Over 120 experts gather to discuss Deep Decarbonization Pathways Project
The Deep Decarbonization Pathways Project (DDPP) held its third in person meetings in Paris from January 6 to 10. Over 120 participants coming from the academia, policy research institutes and think tanks, the private sector and business organizations, governments and international organizations, attended the meetings. Participants included, among others, Jeffrey Sachs, Laurence Tubiana, Fatih Birol (Chief economist of the International Energy Agency (IEA)), Jean François Gagné (Head of Energy Technology Policy division of the IEA), and Philippe Joubert (Senior Advisor to the World Business Council on Sustainable Development (WBCSD)).
The technology roundtables, organized in association with the WBCSD and its members, and with inputs from a wide range of experts from the ETP team of the IEA, gathered the world leading experts of Carbon Capture and Storage (CCS), nuclear power, solar energy, wind energy, transportation and energy storage. They discussed: the opportunity to launch new sectoral initiatives, bridging the gap between international technology roadmaps and their current investment and deployment trends; and the assumptions on potential, costs, learning curves, and impacts to be used in the new national deep decarbonization pathways developed in the context of the DDPP.

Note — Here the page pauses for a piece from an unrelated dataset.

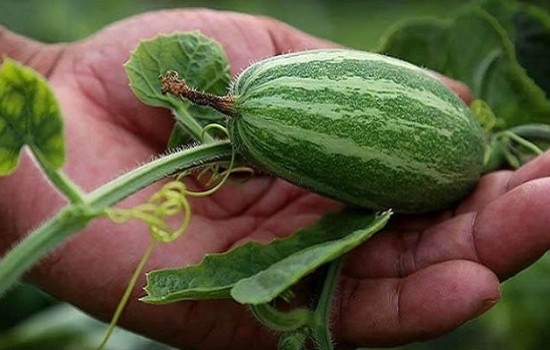 ওজন ও ডায়াবিটিস নিয়ন্ত্রণে পটলের নানান গুণ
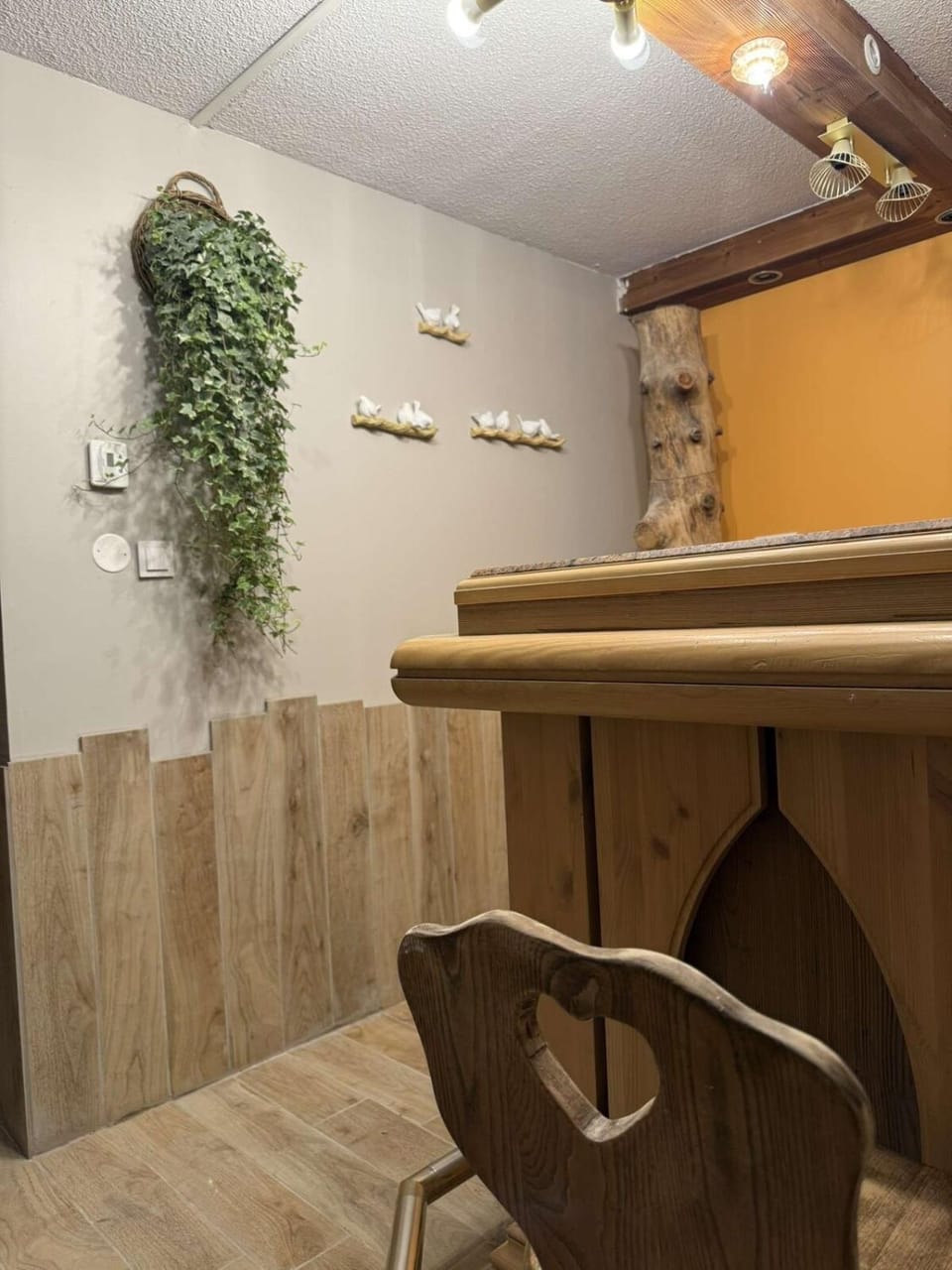 Le Savoyard - Bar & Jacuzzi Apartment in Haute-Savoie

The modeling workshop, organized in partnership with the World Energy Outlook (WEO) team of the IEA, gathered modelers, energy technology and policy experts from 11 of the 13 countries or regions covered by the DDPP (Australia, Brazil, Canada, China, Europe, Indonesia, Japan, Russia, South Africa, South Korea, and the United States). Participants discussed: how to define national deep decarbonization pathways consistent with the 2°C target; and how to build such scenarios with a sufficient level of sectoral disaggregation, technological details, and policy relevance, to make them a solid basis for more ambitious efforts on climate change, both domestically and globally.
The results of the DDPP will feed into a report to the United Nations (UN) Secretary General, published in July 2014, in preparation for the September 23 World Leaders Climate Summit; and into another report to the French Presidency of the COP21 of the United Nations Framework Convention on Climate Change (UNFCCC), to support a positive outcome of the international climate negotiations by December 2015.